Historical population
| Census | Pop. | Note | %± |
| 2010 | 18,962 |  | — |
| 2020 | 20,549 |  | 8.4% |
U.S. Decennial Census

===2020 census===

As of the 2020 census, Rio Rico had a population of 20,549. The median age was 35.8 years. 29.0% of residents were under the age of 18 and 13.4% of residents were 65 years of age or older. For every 100 females there were 93.3 males, and for every 100 females age 18 and over there were 89.1 males age 18 and over.

0.0% of residents lived in urban areas, while 100.0% lived in rural areas.

There were 6,479 households in Rio Rico, of which 45.9% had children under the age of 18 living in them. Of all households, 60.1% were married-couple households, 12.2% were households with a male householder and no spouse or partner present, and 21.7% were households with a female householder and no spouse or partner present. About 14.6% of all households were made up of individuals and 6.3% had someone living alone who was 65 years of age or older.

There were 6,822 housing units, of which 5.0% were vacant. The homeowner vacancy rate was 1.0% and the rental vacancy rate was 4.5%.

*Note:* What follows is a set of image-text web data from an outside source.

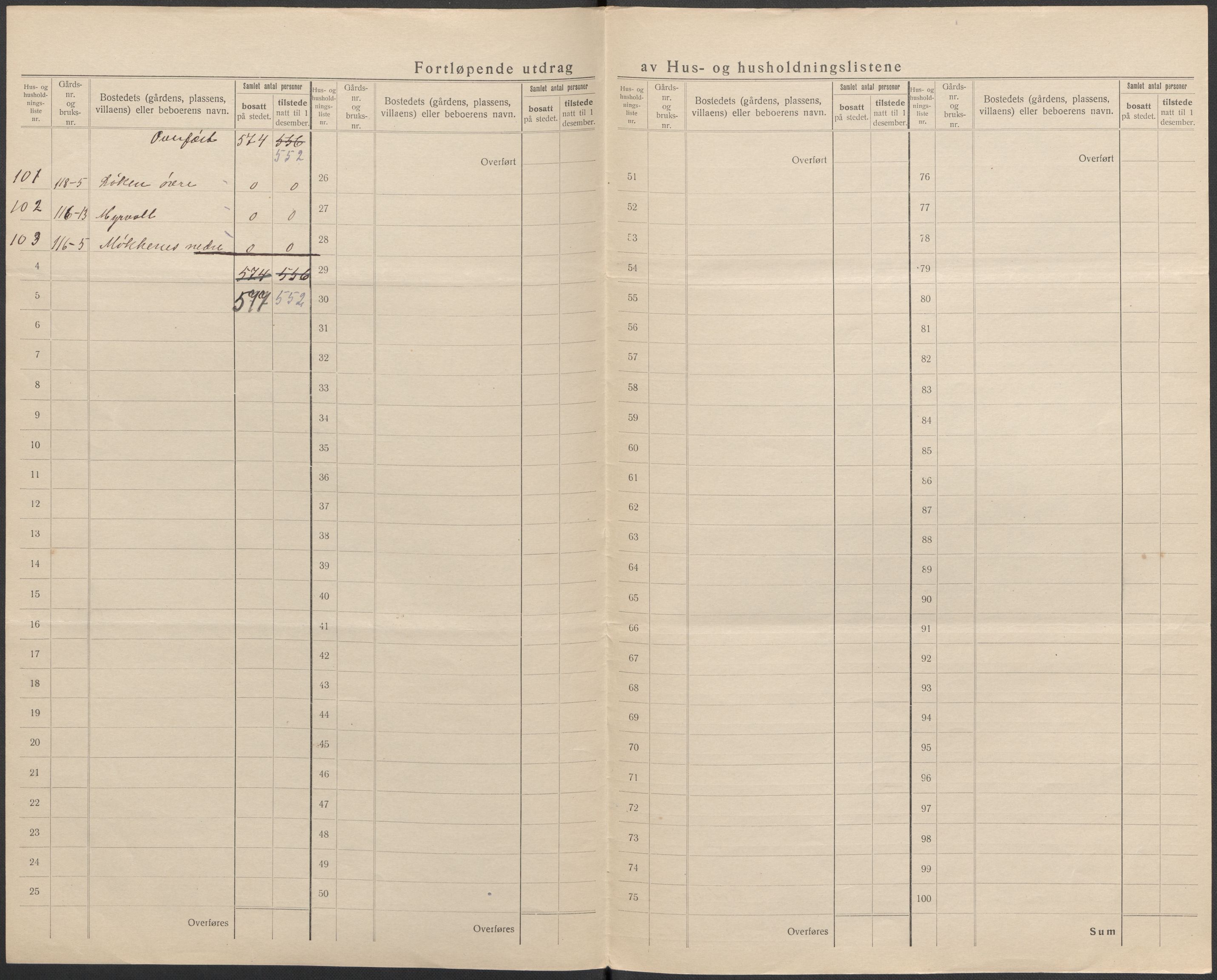 SAKO, 1920 census for Stokke, 1920, p. 38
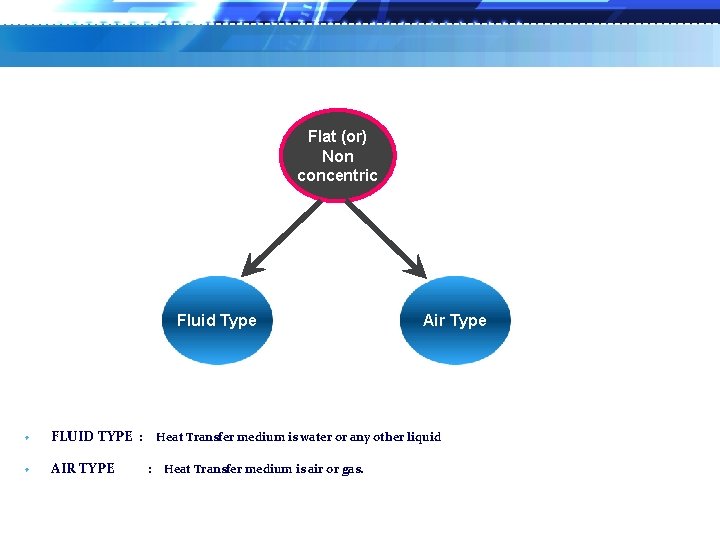 Flat (or) Non concentric Fluid Type Air Type FLUID TYPE : Heat Transfer medium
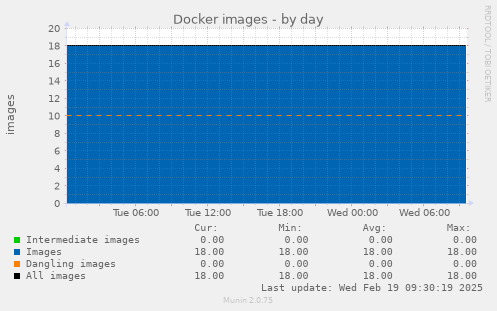 Docker images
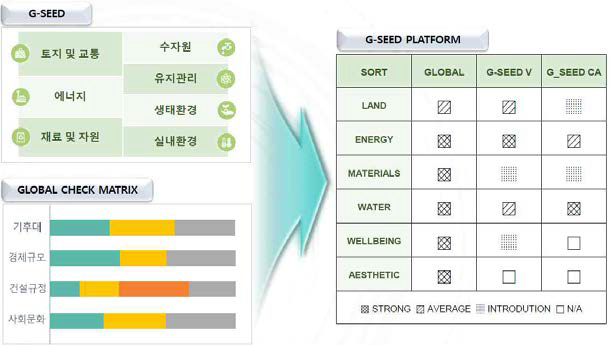 GLOBAL MATRIX를 활용한 GLOBAL PLATFORM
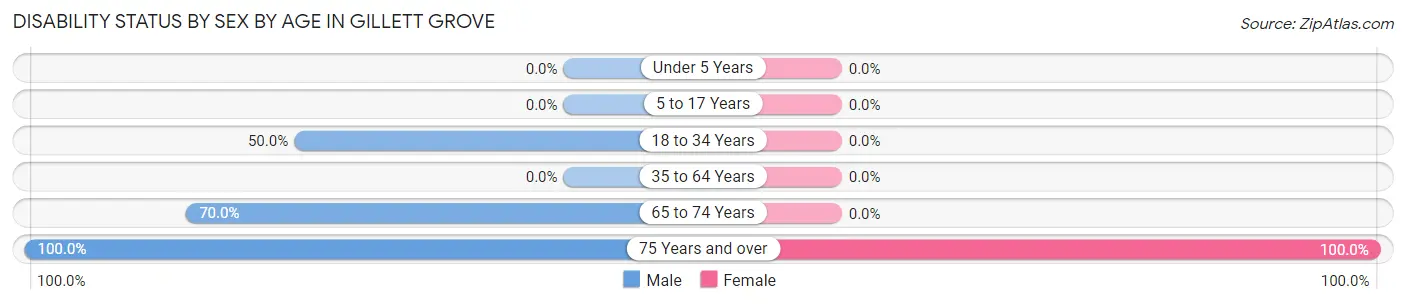 Disability Status by Sex by Age in Gillett Grove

Racial composition as of the 2020 census
| Race | Number | Percent |
|---|---|---|
| White | 6,237 | 30.4% |
| Black or African American | 85 | 0.4% |
| American Indian and Alaska Native | 218 | 1.1% |
| Asian | 132 | 0.6% |
| Native Hawaiian and Other Pacific Islander | 10 | 0.0% |
| Some other race | 6,823 | 33.2% |
| Two or more races | 7,044 | 34.3% |
| Hispanic or Latino (of any race) | 17,996 | 87.6% |

===2010 census===

As of the 2010 census, there were 18,962 people living in the community, making it Santa Cruz County's second-largest community after its historic population center and county seat, Nogales. The population density was 304.6 PD/sqmi. There were 6,356 housing units at an average density of 102.1 /sqmi. The racial makeup of the community was 85.3% Hispanic or Latino, 0.4% Black or African American, 0.6% Native American, 0.5% Asian, 0.1% Pacific Islander, and 1.8% from two or more races. Approximately 11.4% of the population was non-Hispanic white.